Ten miles west of Manhattan, on land where the Mob used to bury their enemies, Signori produced the performance of his career. Dino Baggio collected the award for 'most memorable play' - the citation reading: 'for scoring off the header in traffic' - yet, for most of the 74,624 privileged to be present, Signori stood proud as the catalyst for Italy's revival.
The first time Gianluca Pagliuca handled the ball he was outside his area, leaving Italy under- strength for 70 minutes. Signori, with a scurrying, skilful presence, refused to surrender and his bravura display on the left side of midfield won his team the match.
This leaves Arrigo Sacchi, whose career as coach was probably rescued by Signori, with an interesting dilemma. Lazio's forward has dominated Serie A scoring for the past two seasons, and his prolific contributions have assisted the national cause to the tune of a goal every other international. But for all Signori's striking prowess, Sacchi is expected to keep Italy's premier forward in midfield, appreciating the damage he can inflict by running from deep.

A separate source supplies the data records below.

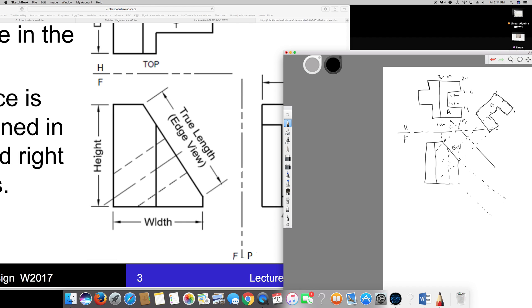Don't forget to label this. It's going to be labeled as the first auxiliary view — so we label it '1' after the H view. We have to name the vertices: let's say one, two, three, four, five, six, seven. I had to number these for the front view, top view, and auxiliary view.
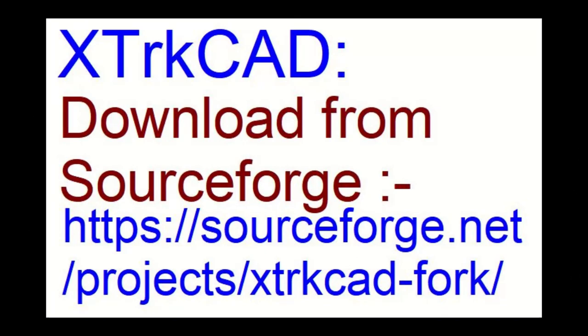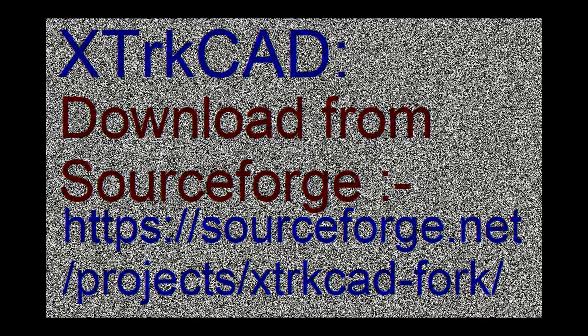If you don't yet have XTrackCAD, why not download it direct from SourceForge? There's the address on the screen and you'll find it's absolutely completely complete with bundles of track plans and layouts and all sorts of things to get you started. Have a great day.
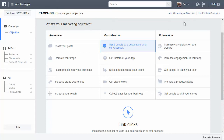Hey everyone, it's Eric with Shuckabuck.com and in this video I'm going to be talking about the types of Facebook ads that you can create. This is video three in this series. If you haven't watched the previous two videos and you're a beginner, I suggest watching those. Those are on my channel or somewhere on this page if you're watching it off of YouTube.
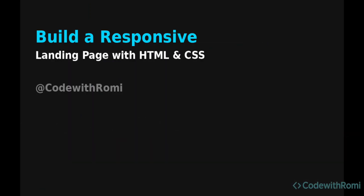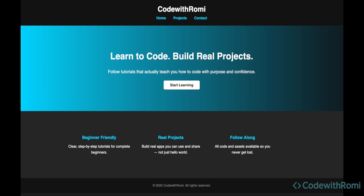Hey everyone, welcome back to my channel Code with Romy. In today's video I'm going to show you how to build a responsive landing page using HTML and CSS. This would be perfect for your own personal projects or if you're going to create your own portfolio. All this is going to be linked to my GitHub — you guys can go ahead, download the files, and make all the tweaks you want. You can edit it to show your own customizations.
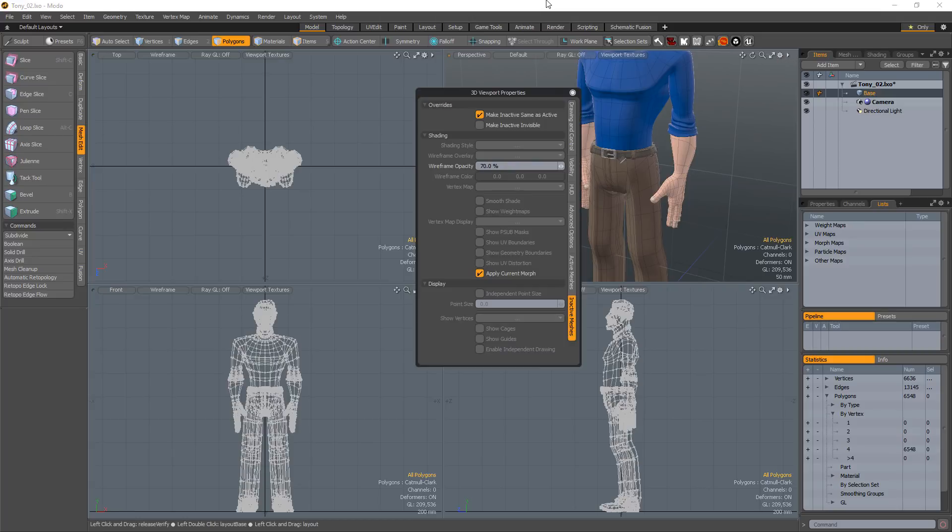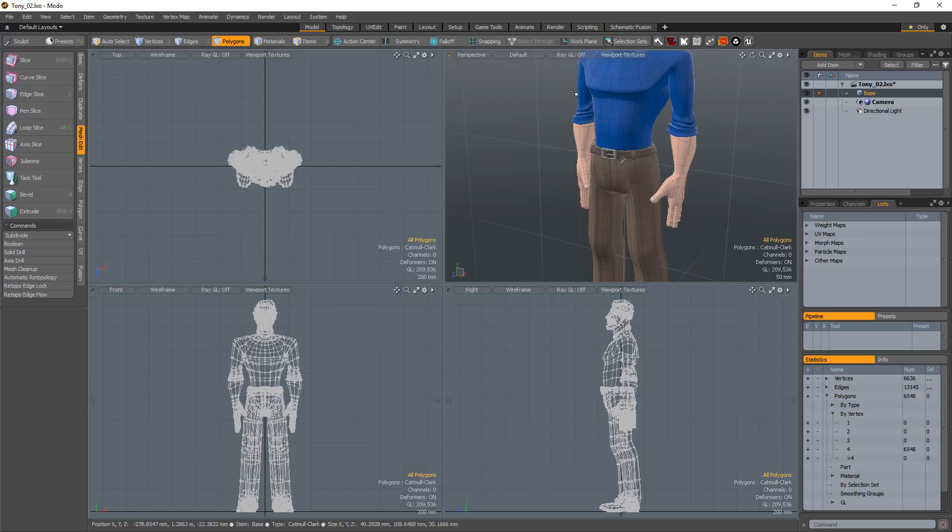The gear icon contains all the available viewport customization control options. You can also access these properties by hovering the cursor over the 3D Viewport and pressing O on the keyboard.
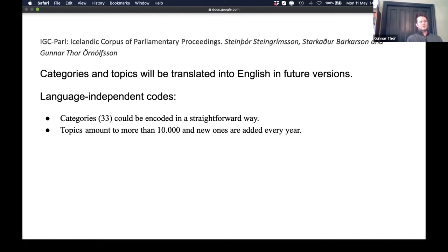For question three: we use categories and topics. Categories are broad — like economy or education — with nine main categories and subcategories totaling around 33. Topics are more problematic; there are many and new ones appear every year — we now have about 10,000 topics, which makes encoding difficult. The aim is at least to translate topics and categories into English, and we are excited about the encoding idea.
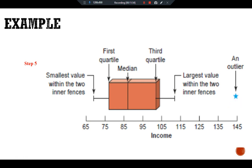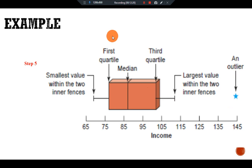For a symmetric data set, the line representing the median will be in the middle of the box, and the spread of values will be over almost the same range on both sides of the box. This is all about the last measure of dispersion, the box and whisker plot. See you in another video.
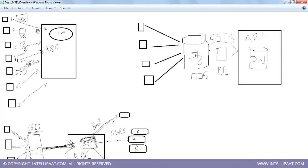Retail outlet two maintains data in a SQL Server database. Retail outlet three maintains data in an Oracle database. Retail outlet four uses a simple notepad or CSV format. Retail outlet five uses DB2. What I'm highlighting here is that different retail outlets can store data in different formats.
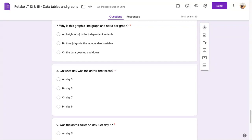Using the graph with the red line, answer question 7. Why is this graph a line graph and not a bar graph?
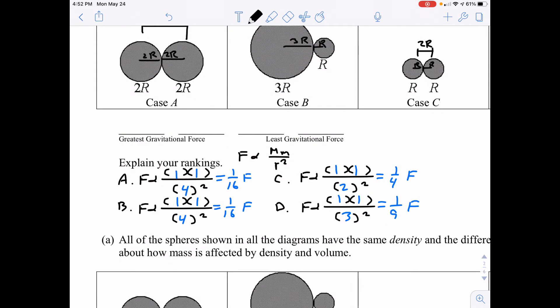Ranking for Part A: The lowest fraction means lowest force. C at one-fourth is the highest, followed by D at one-ninth, then A and B tied at one-sixteenth. So: C > D > A = B.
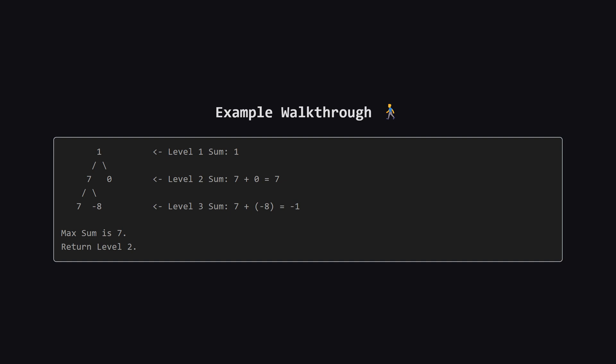Finally, at level 3, we have 7 and negative 8. 7 plus negative 8 is negative 1. Now we look at our totals: 1, 7, and negative 1. The winner is 7, which happened at level 2, so we return 2.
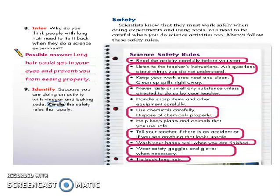Okay, so let's discuss safety. Scientists know that they must work safely when doing experiments and using tools. That is very important, because if you're not doing the experiment or the activity safely, you might have an accident. An accident is a big trouble to all of us.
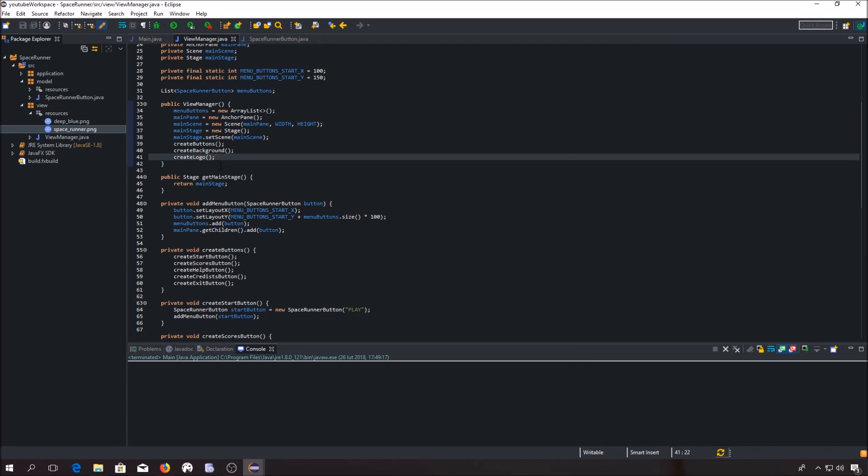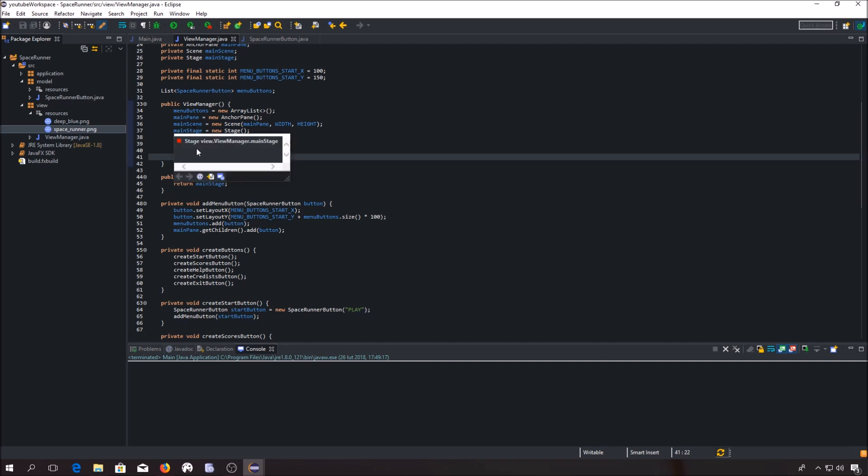Now we can start to work with subscenes. Since we want to create a set of identical subscenes, it is a good idea to write a class which will extend the regular JavaFX subscene class.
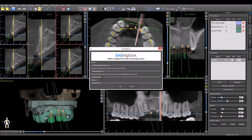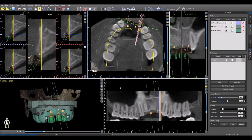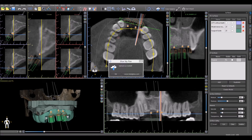Creating an account on BioBigBox is just a matter of entering your email address and creating a password directly at BioBigBox.com. Once you have entered the relevant information, click on the OK button. In the bottom left, you will see a progress indicator showing that the file is being sent. When the file has been sent, you will receive a confirmation on the screen and the recipient will receive an email allowing them to directly download the file or to view it in their online BioBigBox account.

On withdrawing Signori from the front line, Sacchi may decide to start Daniele Massaro as lone striker in a 4-5-1 strategy, which should overpower the Mexicans, particularly if Roberto Baggio has recovered from a minor knock.
Italy's other main casualty, Franco Baresi, will miss the rest of the World Cup after twisting his right knee midway through the match against Norway. The Milan defender had a cartilage operation yesterday.
The Sampdoria midfielder, Alberigo Evani, is also unlikely to play any further part in the tournament after tearing a calf muscle in training, while Paolo Maldini is struggling after picking up an ankle injury in the closing stages of Thursday's game.